69The applicant submits the respondent is in breach of section 44.(9) of the Schedule but did not give me submissions as to how the respondent is non-compliant. Therefore, I am not persuaded that that an award should be granted.
70Regarding the respondent’s failure to reschedule the applicant for a neurological assessment, the respondent submits that upon adjusting the file and as medical evidence was updated, the need for a neurological assessment became unnecessary.
71Besides the dates provided by the applicant, he failed to point me to specific clinical notes and records or plans in support of the need for a neurological assessment. I have no submissions or evidence before me to consider that a neurological assessment may have change the outcome or the adjustment of the file.
72Given the submissions and evidence, I do not find the respondent acted in bad faith and an award will not be granted.
73The applicant has not demonstrated how the adjuster failed to consider denials based on new medical evidence provided by the applicant evidencing deterioration of his physical and psychological impairments.
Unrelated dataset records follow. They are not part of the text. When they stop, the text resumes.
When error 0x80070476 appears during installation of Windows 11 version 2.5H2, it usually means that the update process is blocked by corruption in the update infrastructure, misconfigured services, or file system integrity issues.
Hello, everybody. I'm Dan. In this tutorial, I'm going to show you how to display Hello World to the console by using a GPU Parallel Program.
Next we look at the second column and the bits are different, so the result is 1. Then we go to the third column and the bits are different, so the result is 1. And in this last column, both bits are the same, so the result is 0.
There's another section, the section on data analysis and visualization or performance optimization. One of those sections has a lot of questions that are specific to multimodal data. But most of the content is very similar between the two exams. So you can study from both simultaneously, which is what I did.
74I am not persuaded by the applicants’ submissions; I do not find the respondent acted in bad faith and an award will not be granted.
75Further, the applicant takes the position that available documentation on file supports the payment of the denied benefits and that the respondent was not in a position to fairly or reasonably entitled to take.
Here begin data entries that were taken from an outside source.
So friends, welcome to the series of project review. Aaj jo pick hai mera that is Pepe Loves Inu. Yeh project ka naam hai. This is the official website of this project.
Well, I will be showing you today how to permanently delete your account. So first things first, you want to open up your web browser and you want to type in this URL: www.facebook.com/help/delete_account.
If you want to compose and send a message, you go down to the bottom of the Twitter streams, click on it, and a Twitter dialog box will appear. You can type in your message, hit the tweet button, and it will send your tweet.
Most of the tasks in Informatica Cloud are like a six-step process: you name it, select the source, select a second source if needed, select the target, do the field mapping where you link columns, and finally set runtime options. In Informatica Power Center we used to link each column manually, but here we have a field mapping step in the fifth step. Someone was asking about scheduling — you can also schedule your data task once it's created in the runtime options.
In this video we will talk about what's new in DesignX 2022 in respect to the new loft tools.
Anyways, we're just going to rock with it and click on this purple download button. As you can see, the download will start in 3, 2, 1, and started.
76The applicant log note the applicant points to regarding the cancellation of the neurological assessment states that the “.. physiatry report states no neurological impairments, as such will not reschedule Neuro IE…” I find the respondent is entitled to adjust its file accordingly depending on the medical information it is provided. There is no requirement in the Schedule to require the respondent to schedule IE assessments once it determines the applicant does not meet the test.
77I am satisfied the respondent did not act in bad faith; an award will not be granted.
CONCLUSION AND ORDER
78The applicant is not entitled to a non-earner benefit.
79Is the respondent not liable to pay an award.
80Is the applicant not entitled to interest.